In January of 1986 I owned an Amiga 1000 and had since the first units appeared in the local computer store in October 1985, shortly after the Amiga launch. I had been wanting and waiting (to sell an Apple //c) for a Macintosh during the summer of 1985. And, I got one…but returned it after a week or so because of encountering the Amiga in person at the aforementioned store. I was still receiving my Macworld subscription, though.

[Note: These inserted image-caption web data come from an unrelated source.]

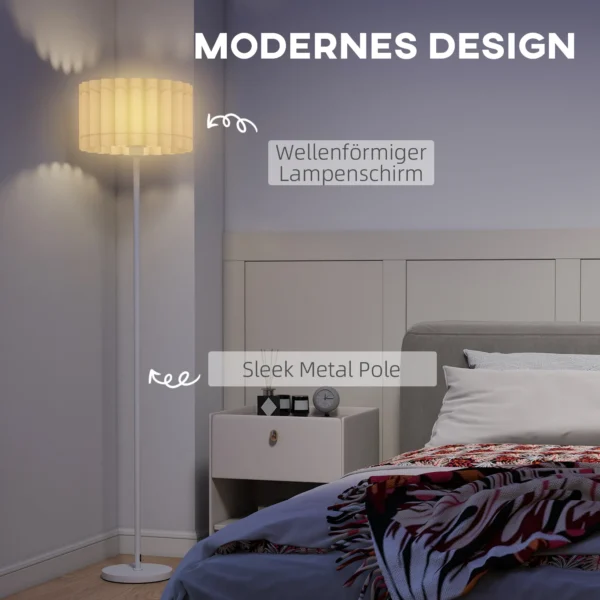 Staande lamp, staande lamp met e27 fitting, met golfvormige lampenkap staande lamp met voetschakelaar voor woonkamer, slaapkamer, exclusief lichtbron, wit 5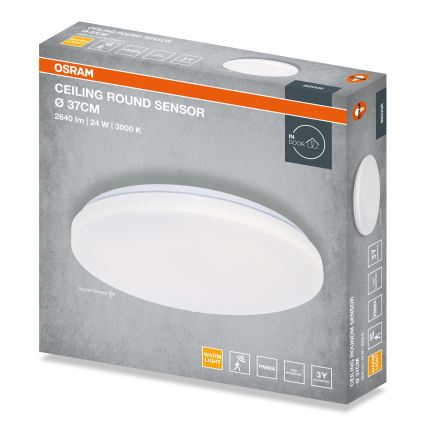 Osram - LED lubinis šviestuvas su sutemų jutikliu ROUND, 24 W, 230 V, skersmuo 37 cm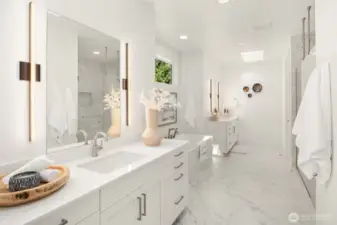 Spa-Inspired Bath w/Dual Vanities & Dual Shower Heads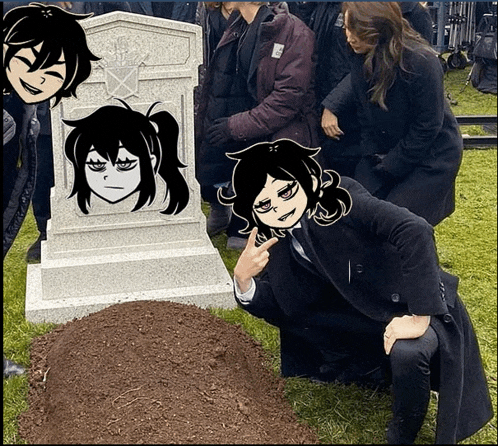 a man in a suit kneeling in front of a grave with a picture of a girl on it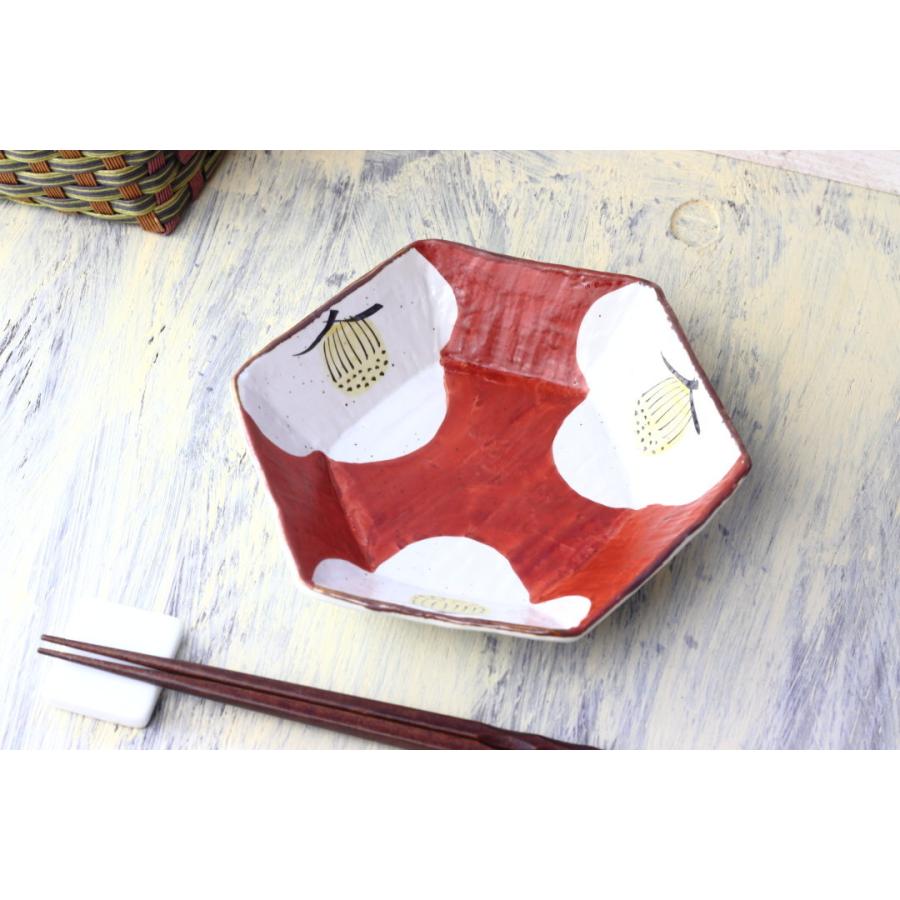 赤絵三善 美濃焼手描六角鉢 18cm 日本製 美濃焼 プレート 赤絵 六角皿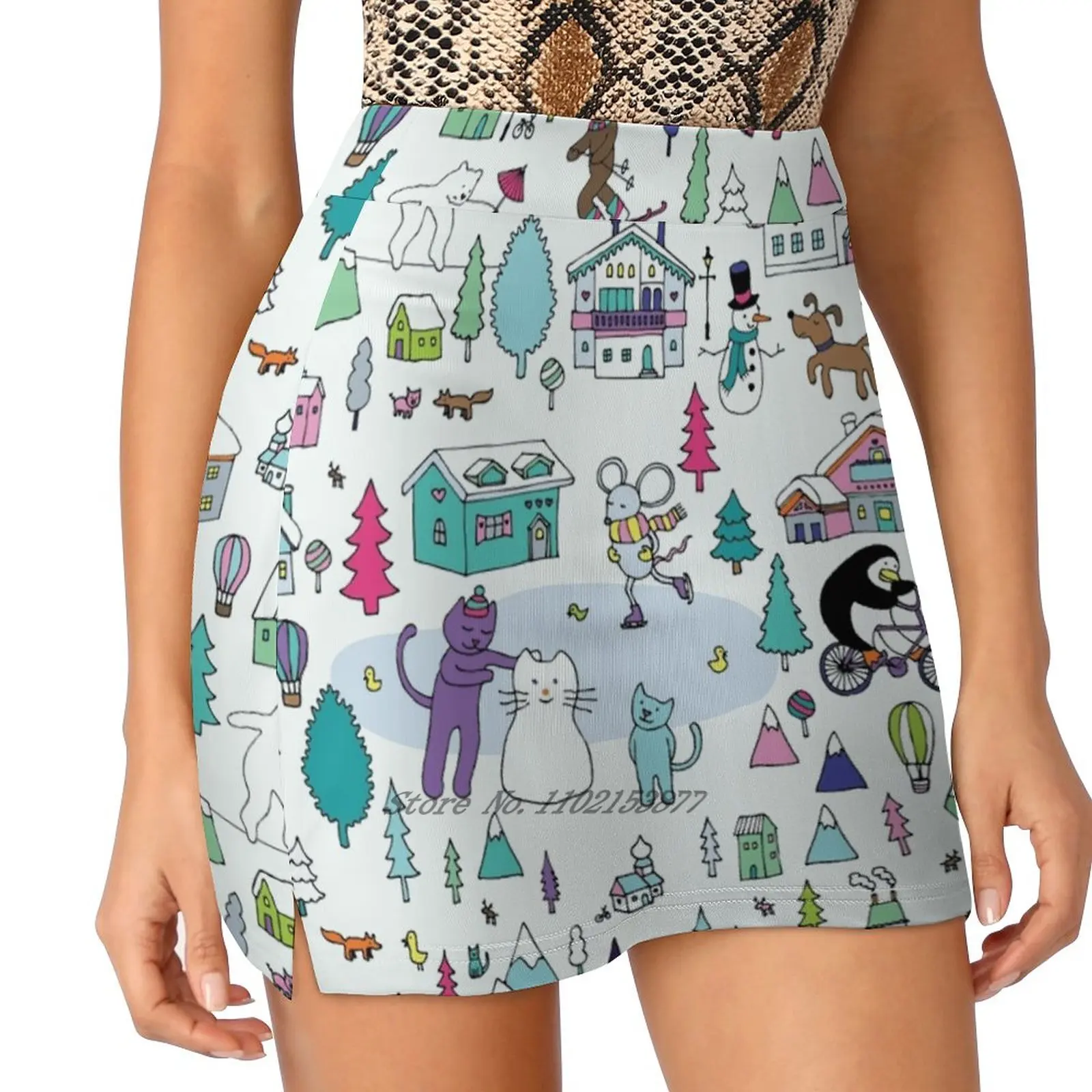 Alpine Animal Antics - Original - Cute Winter Pattern By Cecca Women's Fashion Sporting Skirt With Pockets Tennis Golf Running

On page 13 of the January 1986 issue, in the publisher’s column, David Bunnell ran a piece entitled “If the Mac Only Had Color–and Then What?” The piece spoke of the frustration some Mac owners were feeling, seeing GUI-based machines sporting color displays such as the Amiga and Atari ST hitting the market. (The Macintosh II, offering a color display, did not appear until the following year.) Bunnell tried to allay such reader envy, pointing out that his three-year-old office PC had two monitors, one color and one black and white, and that he almost never used the color display. He went on to speak in high terms of Apple’s new ImageWriter II printer, reviewed within the issue, capable of printing seven colors, even on the Macintosh.

Bunnell then headed in a direction that raised my 13-year-old ire. He indicated he had recently spent time evaluating the Amiga and — well, I’ll let him speak for himself.

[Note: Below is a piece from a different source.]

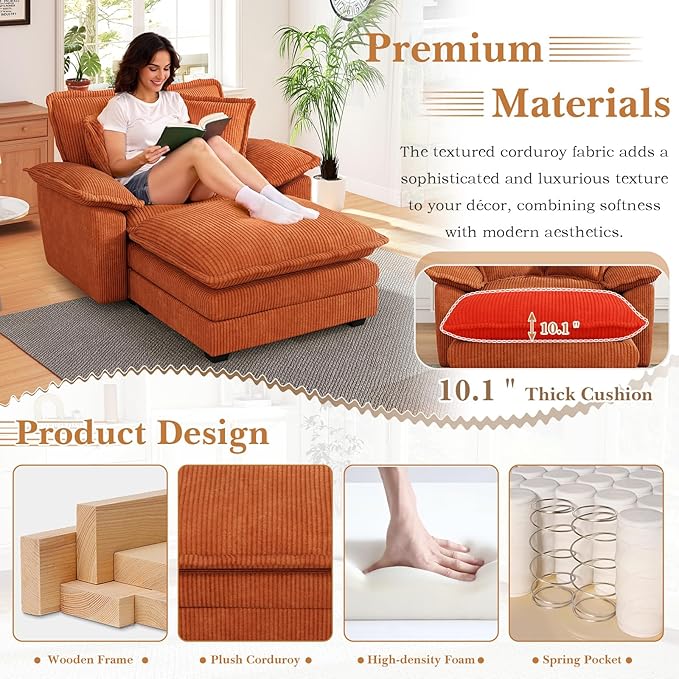 48 W Oversized Chaise Lounge Chair Indoor with Ottoman Upholstered Cloud Accent Chair with Extra Wide Armrests Comfy Green Corduroy Sleeper Chair for Living Room Bedroom Reading (Orange)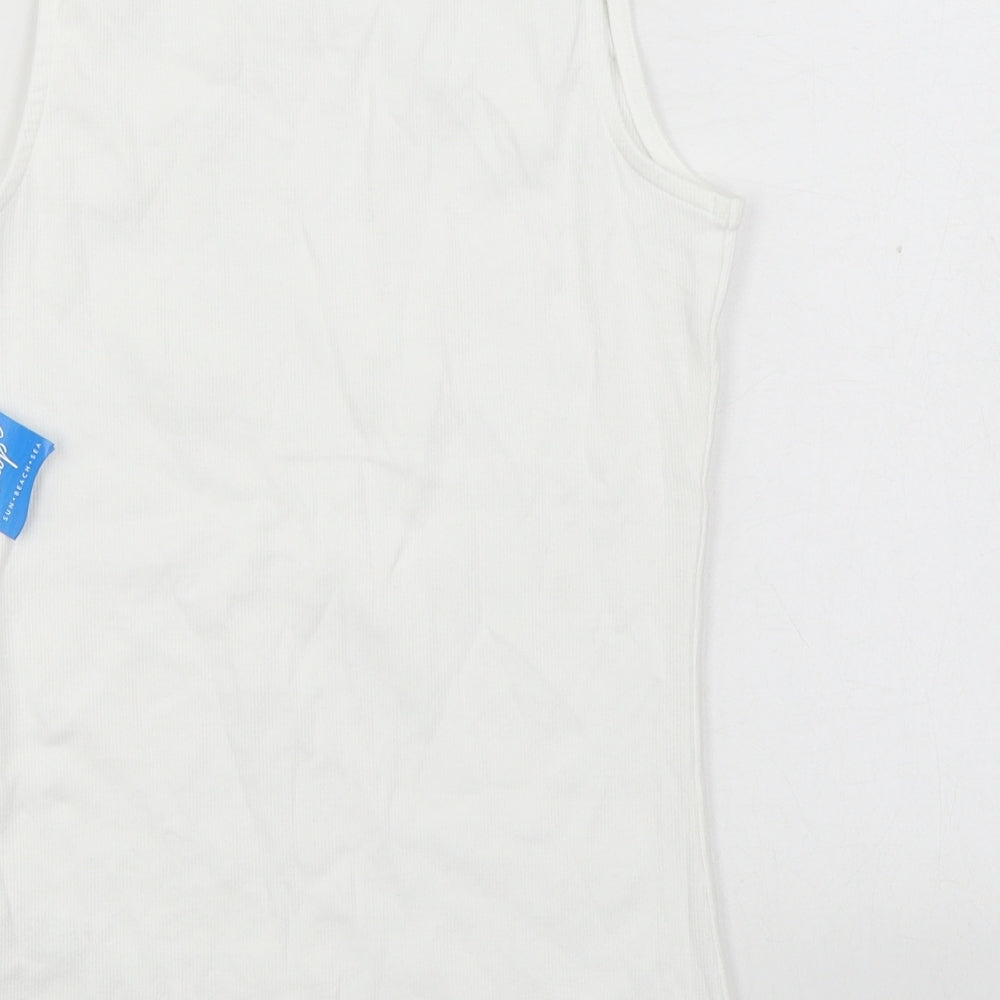 Matalan Girls White Cotton Basic Tank Size 13 Years Boat Neck Pullover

I recently spent some time evaluating Commodore’s Amiga, the new computer that features advanced color graphics. What I discovered really surprised me: the resolution of color on the Amiga is actually not that much better than the resolution of color on the IBM PC.

The Amiga’s really super resolution is on its black-and-white monitor, just as it is on the Mac.

So if you want to use serious business applications with the Amiga, you still need a black-and-white screen. If you want color, you need a different screen, and you end up with lower resolution. The color screen appears to be good only for games or for certain small niches in the computer market, such as graphic art or screen presentations.

By not making the Macintosh a color machine right off the bat, Apple recognized that today’s color technology is still too primitive to dabble in. Creating the same screen resolution in color as you have on a black-and-white screen is not really worthwhile at this stage because the color rinses out in the wash.

On the Amiga you can’t even draw a proper circle in color. It looks more like a rounded bunch of jagged lines and is virtrually irreproducible on paper.

Right now color is best for games and educational programs. Therefor having color on the Apple II is a natural, while color on the Macintosh makes less sense.

As a (13-year-old) Amiga user, that really pissed me off. Commodore did not launch the Amiga with or promote any monochrome display. The Amiga’s high-resolution screenmode was 640×400 pixels (plus overscan) in 16 colors out of a 4096-color palette (while the Mac’s was 512×342 pixels, black and white). In order to work with less expensive 15kHz screens, this mode was interlaced (like television), and so GUI-type on-screen images exhibited flicker. I have heard that Commodore planned to release a long-persistence (slow-phosphor) RGB monitor to reduce flicker, but I don’t believe that ever made it to production. I spent hours and hours using Deluxe Paint to create video art in the interlaced mode. And the circles were smooth.

I had recently received an Okimate 20 high-resolution color printer for Christmas and my bedroom wall was covered with full-color printouts of my “paintings.” I was in such a lather after reading Bunnell’s article slighting the Amiga that I sat down and typed out a letter — to Commodore — making them aware of the shots fired, complete with a few (smooth) circles drawn in color at the bottom. I printed it out on that printer, evidence of the Amiga’s ability to reproduce color circles on paper, and mailed it off to West Chester, PA along with page 13. I have no recollection as to whether or not I expected some kind of response. (I received none). I suppose it was mainly catharsis.

Since my copy of this Macworld is missing page 13, I had to consult the Internet Archive to capture the page in question.